> [Input material]:

....................

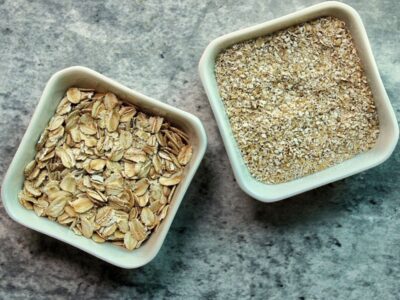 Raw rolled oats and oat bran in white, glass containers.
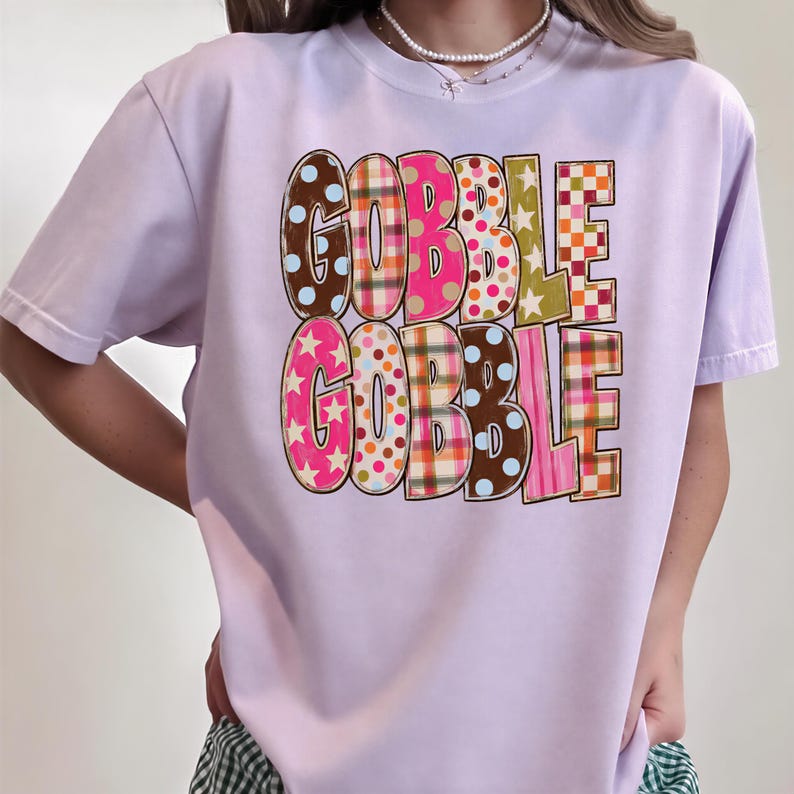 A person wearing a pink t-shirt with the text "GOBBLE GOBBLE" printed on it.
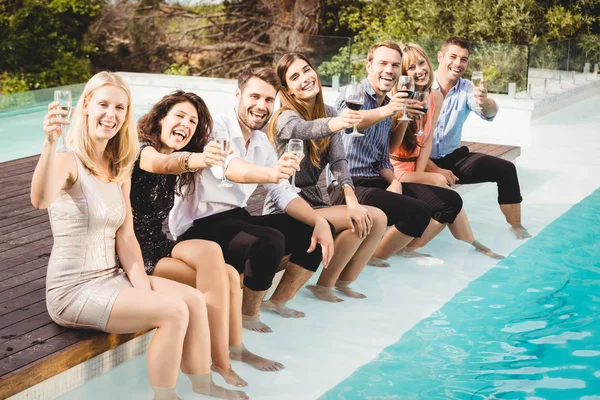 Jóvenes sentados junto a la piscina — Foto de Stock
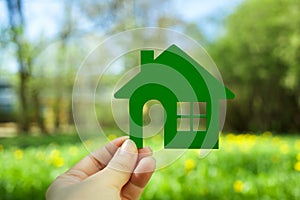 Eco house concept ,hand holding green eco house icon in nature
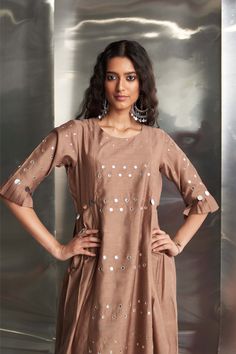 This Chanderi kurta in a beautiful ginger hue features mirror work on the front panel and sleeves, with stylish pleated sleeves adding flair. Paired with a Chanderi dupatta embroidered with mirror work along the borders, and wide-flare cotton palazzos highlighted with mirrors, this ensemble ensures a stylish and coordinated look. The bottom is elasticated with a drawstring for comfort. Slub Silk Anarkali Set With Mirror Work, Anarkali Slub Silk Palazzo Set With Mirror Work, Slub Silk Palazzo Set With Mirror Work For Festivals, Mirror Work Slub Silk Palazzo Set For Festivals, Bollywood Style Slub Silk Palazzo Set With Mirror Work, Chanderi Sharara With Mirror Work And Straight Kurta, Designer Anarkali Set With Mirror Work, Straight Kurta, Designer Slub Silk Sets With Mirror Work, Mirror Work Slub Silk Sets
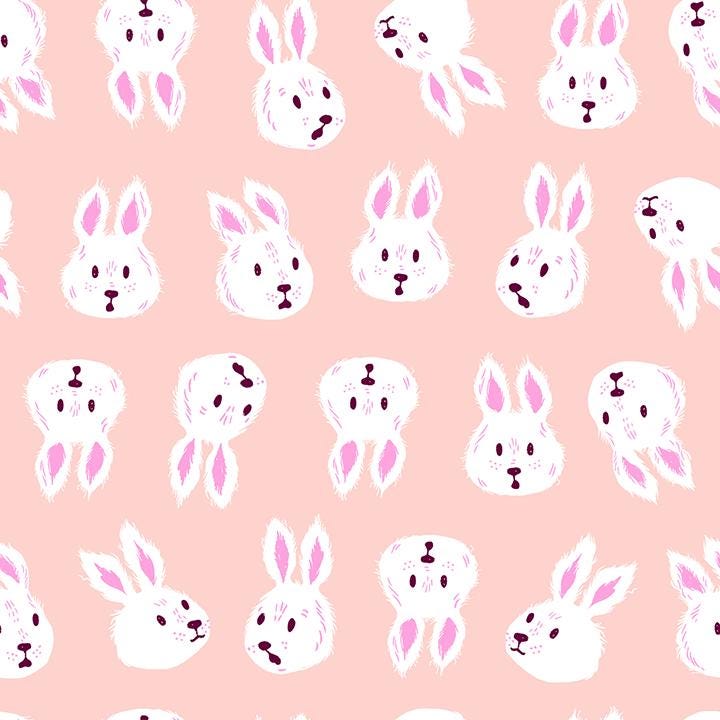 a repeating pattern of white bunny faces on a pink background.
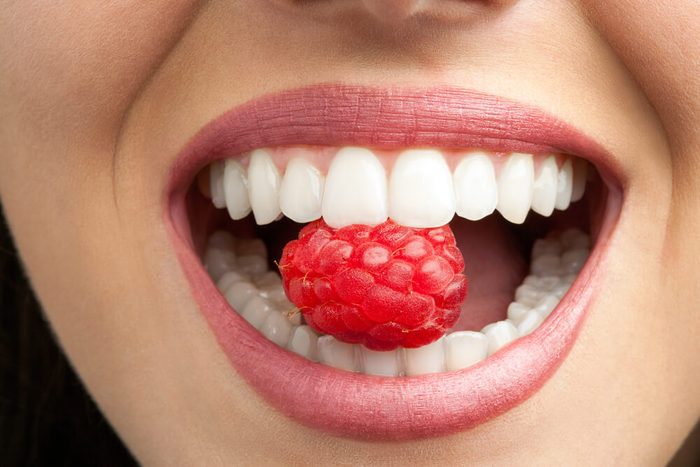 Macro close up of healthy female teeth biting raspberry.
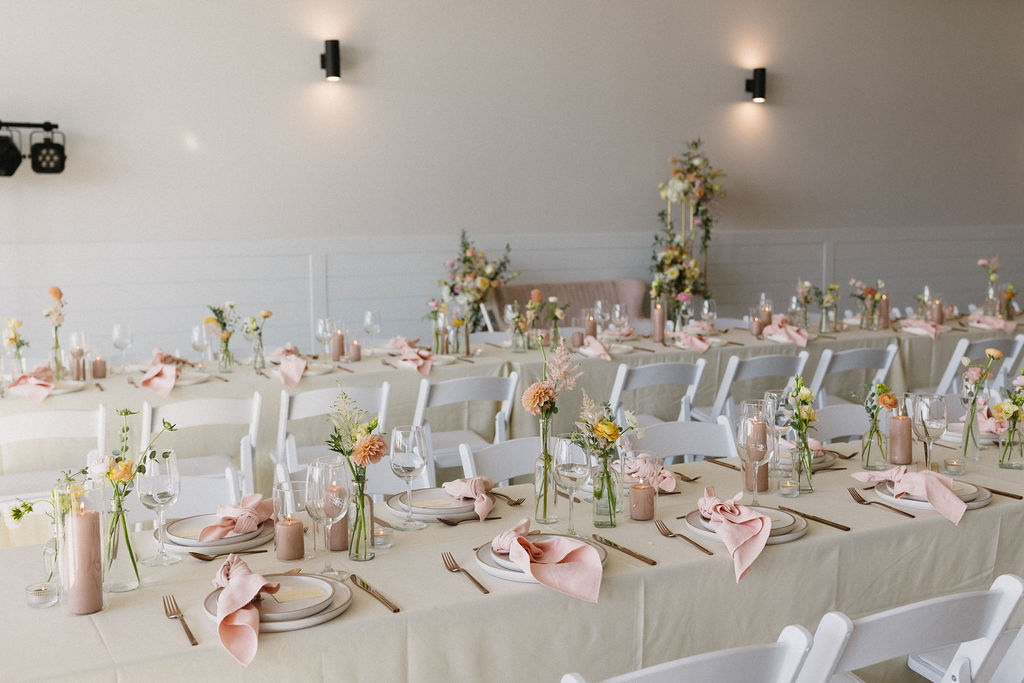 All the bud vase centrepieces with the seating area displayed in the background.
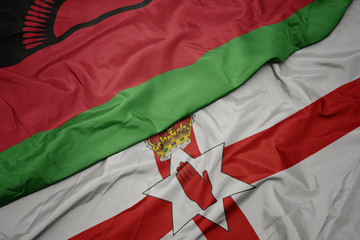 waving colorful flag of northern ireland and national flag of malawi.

....................

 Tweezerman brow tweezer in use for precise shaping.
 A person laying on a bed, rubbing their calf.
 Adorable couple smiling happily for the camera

....................

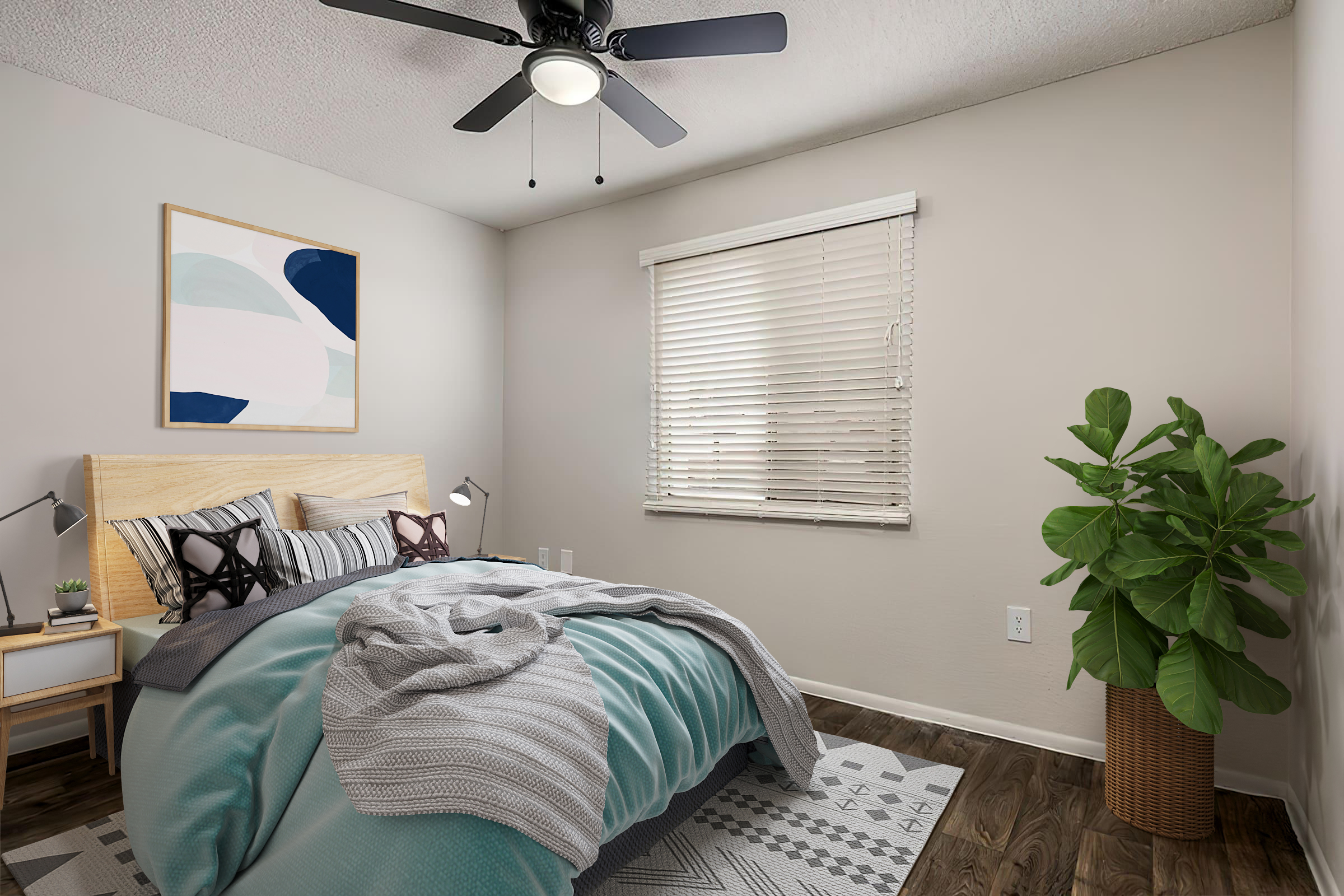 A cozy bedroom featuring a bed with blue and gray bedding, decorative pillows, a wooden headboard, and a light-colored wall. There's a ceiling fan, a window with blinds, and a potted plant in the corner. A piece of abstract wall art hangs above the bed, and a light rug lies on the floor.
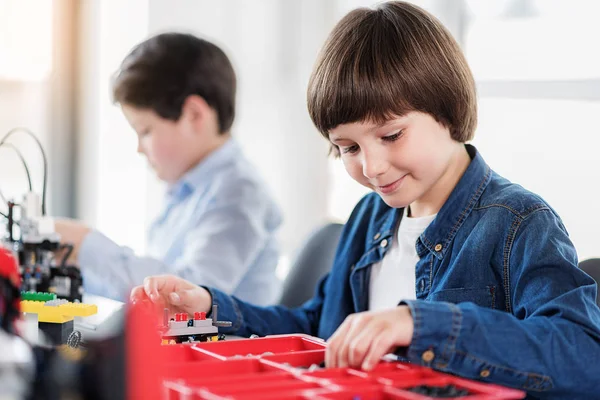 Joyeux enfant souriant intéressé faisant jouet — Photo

....................

> [Action item]:
Set down exactly the lines above, from the line containing "Eco house concept" through the line containing "waving colorful flag". Skip the pictures.

> [Worked solution]:
 Eco house concept ,hand holding green eco house icon in nature
 This Chanderi kurta in a beautiful ginger hue features mirror work on the front panel and sleeves, with stylish pleated sleeves adding flair. Paired with a Chanderi dupatta embroidered with mirror work along the borders, and wide-flare cotton palazzos highlighted with mirrors, this ensemble ensures a stylish and coordinated look. The bottom is elasticated with a drawstring for comfort. Slub Silk Anarkali Set With Mirror Work, Anarkali Slub Silk Palazzo Set With Mirror Work, Slub Silk Palazzo Set With Mirror Work For Festivals, Mirror Work Slub Silk Palazzo Set For Festivals, Bollywood Style Slub Silk Palazzo Set With Mirror Work, Chanderi Sharara With Mirror Work And Straight Kurta, Designer Anarkali Set With Mirror Work, Straight Kurta, Designer Slub Silk Sets With Mirror Work, Mirror Work Slub Silk Sets
 a repeating pattern of white bunny faces on a pink background.
 Macro close up of healthy female teeth biting raspberry.
 All the bud vase centrepieces with the seating area displayed in the background.
 waving colorful flag of northern ireland and national flag of malawi.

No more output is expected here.